Quality Customer Support During a Breach: As breaches increase in scale and complexity—and 2014 was a watershed year for that as well—consumers have seen a lot of breaches, but still may react in anger or fear. Their first stop for information is the hotline and webpage you publish. Clear, consistent communication and messaging is key in restoring customer confidence. Scripts and Q&As must be available to trained, expert call center partners immediately. Responsible and knowledgeable front-line employees can do much to diffuse the situation and lessen customer anxiety.

And make it easy for your customers to have access to the most important protection – identity repair.
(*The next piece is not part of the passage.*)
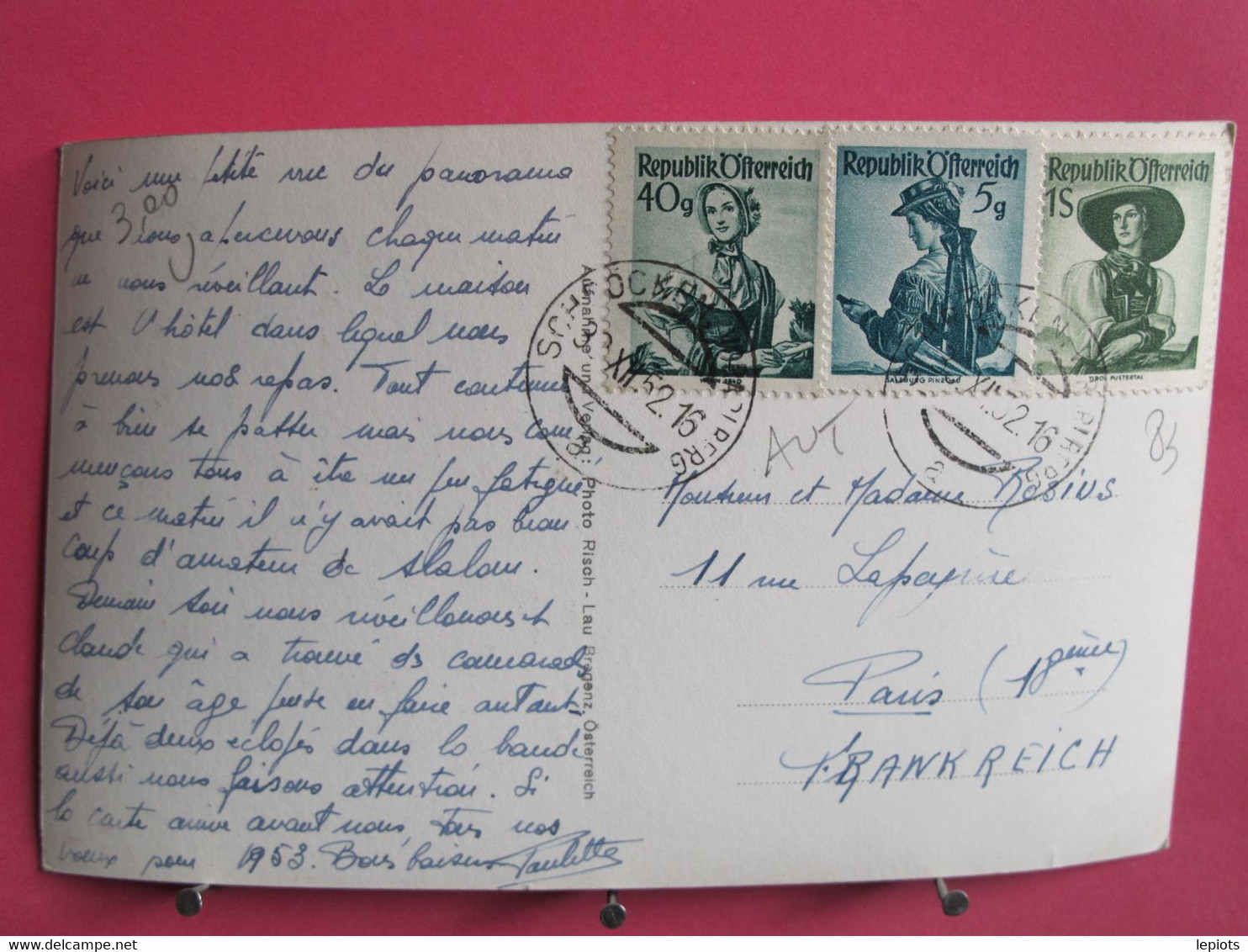 Visuel Très Peu Courant - Autriche - Gasthof Tannberg Schröcken Bregenzerwald - 3 Jolis Timbres - R/verso - Schröcken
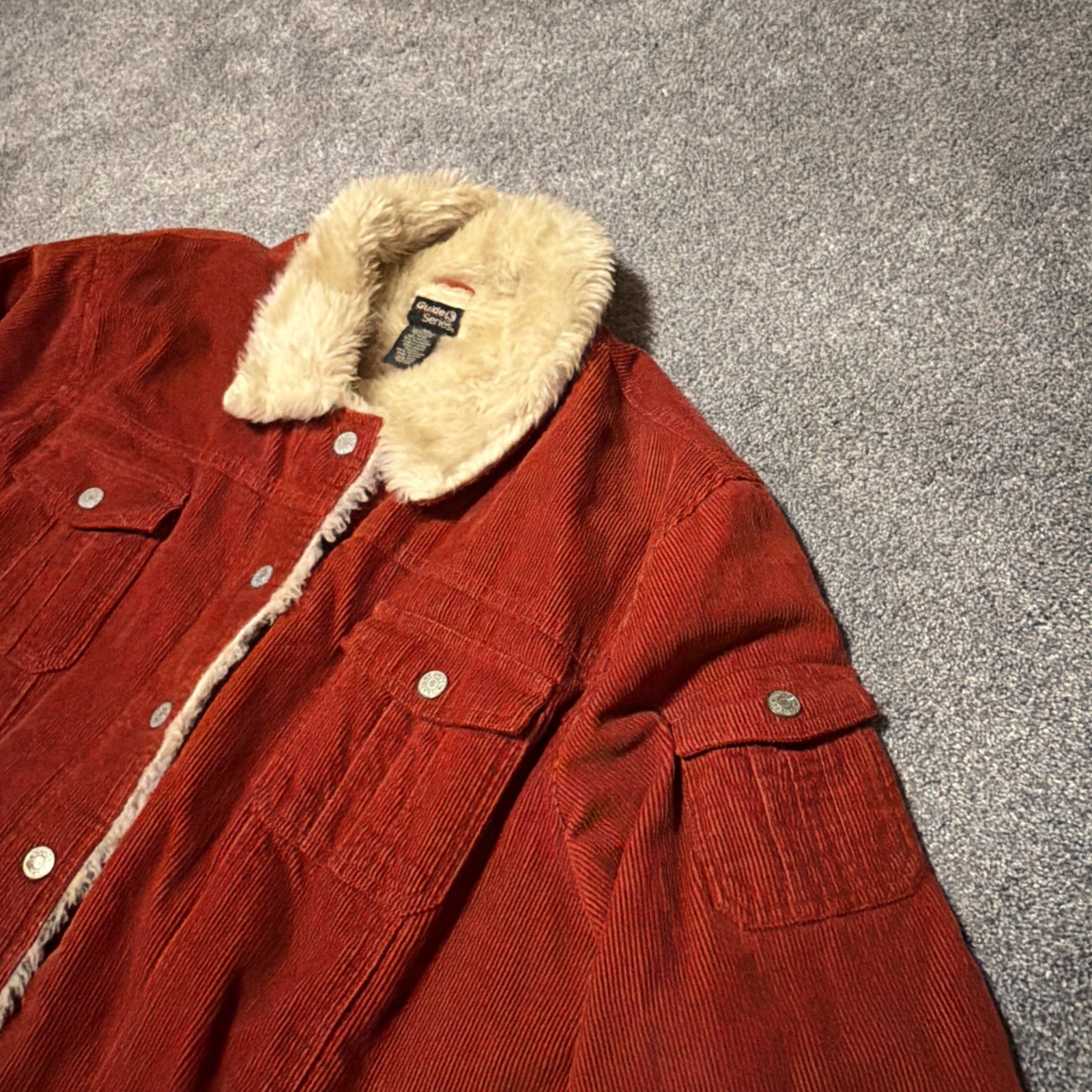 Gander Mountain Guide Series Red Corduroy Sherpa Collar Size 3XL Men’s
The 2015 Javelin Strategy & Research Identity Fraud Study found the link between data breaches and identity fraud has increased. In 2014, 12.7 million consumers lost $16 billion to fraud—and two-thirds of them had received a data breach notification within the same year.

As McKinsey & Company says, “Much of the damage results from an inadequate response to a breach rather than the breach itself.”

Put yourself in the customers’ shoes: They have trusted you with their most valuable information – their identity. Whether you keep their trust depends, in part, on how they rate your performance in the face of a crisis.